The greening man beside the tall fisherman raised his eyebrows.

“My job is to know about such things, you know,” the captain said with no trace of Russian in his perfect, Tidewater, Virginia, accent.

“Oh. Well, I am told that you can tell us about your Soyuz-TM spacecraft. Our people haven’t monitored a word of communications with it in 13 hours. And the shuttle astronauts have monitored electronic fields in the vicinity of Soyuz. I need to know if those impulses are from Soyuz?”

“Don’t know about that. The disturbances, that is. I do know that Soyuz is a military version of the spacecraft. So she must be using a laser beam of her own to communicate with our ground stations and tracking ships. It’s like your submarine laser.”

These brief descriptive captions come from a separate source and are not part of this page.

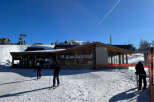 Enjoy a day of skiing at the Alpe Express! This charming ski lodge offers a cozy atmosphere and stunning views of the snowy landscape.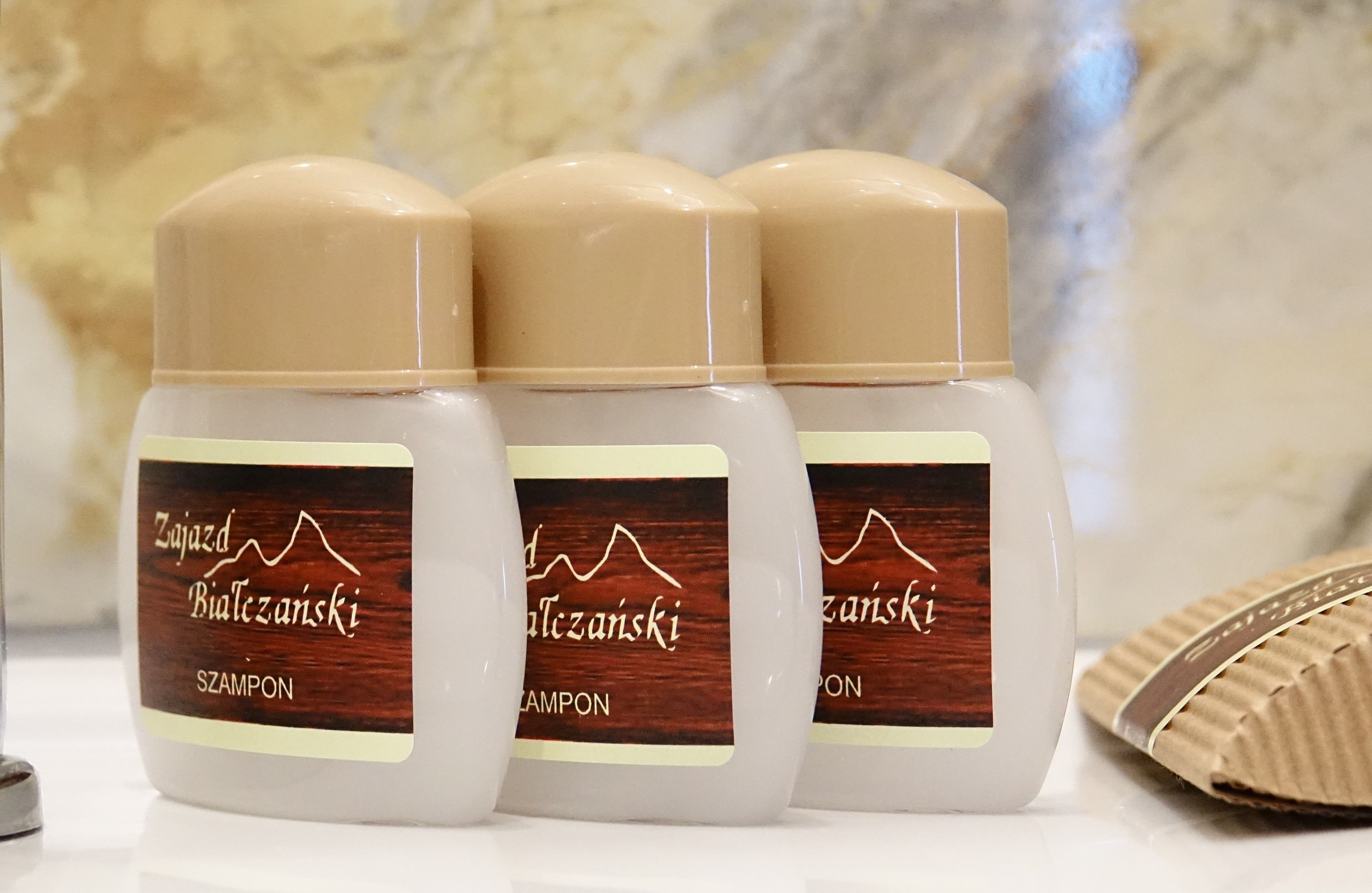 Tres botellas de champú con etiquetas de madera.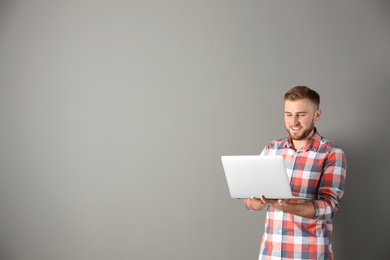 Photo of Young handsome man with laptop on color background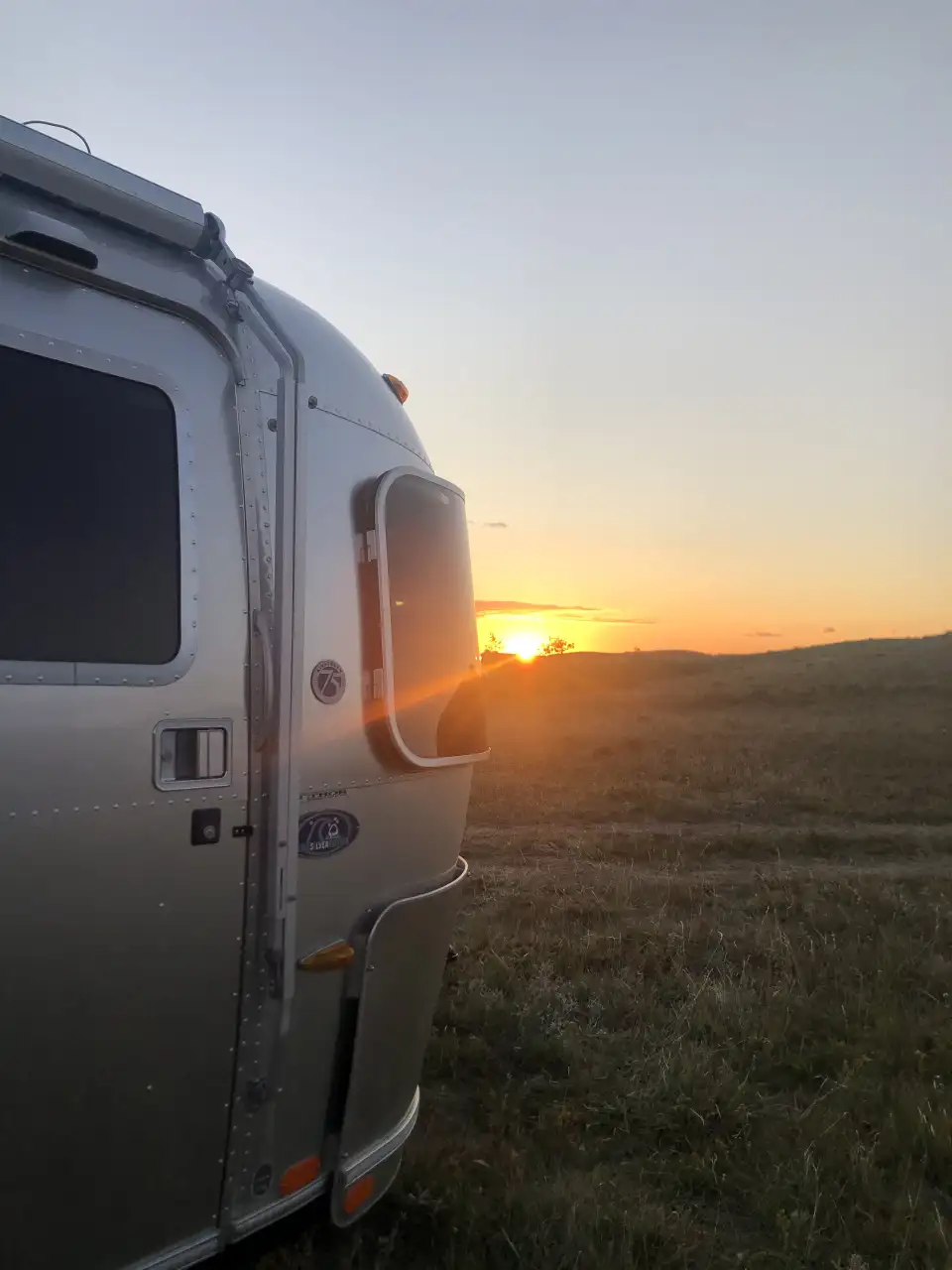 Silver trailer at sunset in an open field, with the sun low on the horizon.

“You have done your job well, Nikolai,” the seasick guest said weakly.

“Yes.”

The two men rolled on rough seas for a long silence. They cruised past Willoughby Bay just past the navy yard on the Jennifer Lee’s left.

“I shall miss it here,” the fisherman sighed loudly. “These people are like my own kind: hungry, poor, and hard. Their handshakes have always been good.”

The man from Washington said nothing. His hand covered his mouth on his ashen face.

“Yes, I like it here. How strange, now: my country is losing the Balkans, and I shall lose your beautiful Chesapeake Bay. Oh well, the shellfish are almost all gone now. And what’s left are poison.”

The Jennifer Lee steered toward a row of wharves where dozens of little boats were moored. The air was heavy with the stench of rotted fish in freezing salt air.

“Can you make a living fishing, Nikolai?” the nauseous man inquired between stomach convulsions in the rough sea close to the docks.

“Yes,” the boatman said firmly. “I certainly can’t do my other job after today.”

Just shy of the clapboard dock, the big seaman turned to face his sickly passenger who had been dropped off 15 minutes earlier by a Coast Guard cutter.

“What will you do, Nikolai, when the oyster beds run dry?”

On the dock, two black cars with government plates waited.

“Fish for something else. My people have always been fishermen.”

The Jennifer Lee banged gently into the dock.